On the final hour of Today, Hoda Kotb once again read aloud Lauer's statement and her guest co-host, Jenna Bush Hager, was on the verge of tears talking about his ousting, admitting it was "hard watching" Kotb and Savannah Guthrie break the news on Wednesday morning.
"When I started here, I remember someone saying, 'NBC, the Today show, is a family.' And that feels cliché. That feels like something people just say," she said. "But that's true. So, when something rocks your family, it rocks all of us -- and that includes a man who was a mentor to many of us."
She then praised those who have come forward. "The women who are here, too, who are part of that same family, who have come forward and want to feel listened to and feel safe and respected -- and they should, and they do," she continued. "It was hard not to be here yesterday. It's hard to be here today. I know many of you feel that same way because you've woken up with this family. I watched this show before I was on it."
Kotb admitted that it was a "difficult period" for those working at Today, but insisted that the show must go on. "When you think about a show that's been on the air 65 years, it goes on no matter who sits in these seats," she said. "I remember growing up and watching it, too, and realizing, 'Wow, this show is going to be on for years to come -- [long] after we all go through our turns.'"
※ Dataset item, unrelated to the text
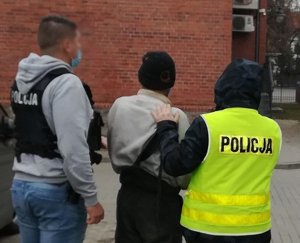 policjanci podczas doprowadzania zatrzymanego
"As I am writing this I realize the depth of the damage and disappointment I have left behind at home and at NBC. Some of what is being said about me is untrue or mischaracterized, but there is enough truth in these stories to make me feel embarrassed and ashamed," read the statement in part. "I regret that my shame is now shared by the people I cherish dearly. Repairing the damage will take a lot of time and soul searching and I’m committed to beginning that effort. It is now my full time job."